To do it with just grep, you need non-standard extensions like here with GNU grep using PCRE (-P) with positive lookbehind (?<=..) and match only (-o):

grep -Po '(?<=miss rate ).*' yourfile

I believe

sed 's|[^0-9]*\([0-9\.]*\)|\1 |g' fiilename

will do the trick. However every entry will be on it's own line if that is ok.
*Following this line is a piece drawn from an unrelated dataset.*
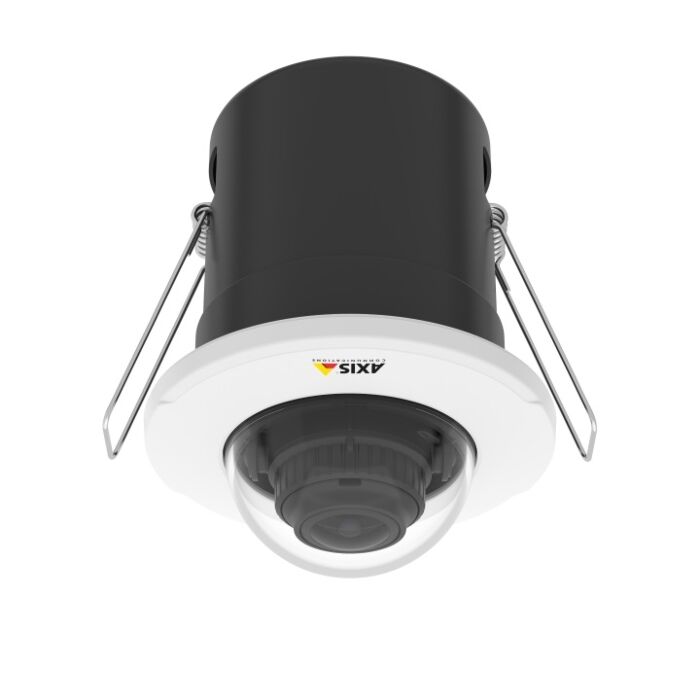Axis M3016 Recessed Mount Mini Dome Camera 01152-001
I am sure there is a way for sed to produce a comma or space delimited list but I am not a super master of all things sed.

The grep-and-cut solution would look like:

to get the 3rd field for every successful grep use:

grep "^miss rate " yourfile | cut -d ' ' -f 3

or to get the 3rd field and the rest use:

grep "^miss rate " yourfile | cut -d ' ' -f 3-

Or if you use bash and "miss rate" only occurs once in your file you can also just do:

a=( $(grep -m 1 "miss rate" yourfile) )
echo ${a[2]}

where ${a[2]} is your result.

If "miss rate" occurs more then once you can loop over the grep output reading only what you need. (in bash)

You can use:

grep -P "miss rate \d+(\.\d+)?" file.txt

or:

grep -E "miss rate [0-9]+(\.[0-9]+)?"

Both of those commands will print out miss rate 0.21. If you want to extract the number only, why not use Perl, Sed or Awk?

If you really want to avoid those, maybe this will work?

grep -E "miss rate [0-9]+(\.[0-9]+)?" g | xargs basename | tail -n 1

If you really want to use only grep for this, then you can try:

grep "miss rate" file | grep -oe '\([0-9.]*\)'

It will first find the line that matches, and then only output the digits.

Sed might be a bit more readable, though:

sed -n 's#miss rate ##p' file

Using the special look around regex trick \K with pcre engine with grep :

grep -oP 'miss rate \K.*' file.txt

or with perl :

perl -lne 'print $& if /miss rate \K.*/' file.txt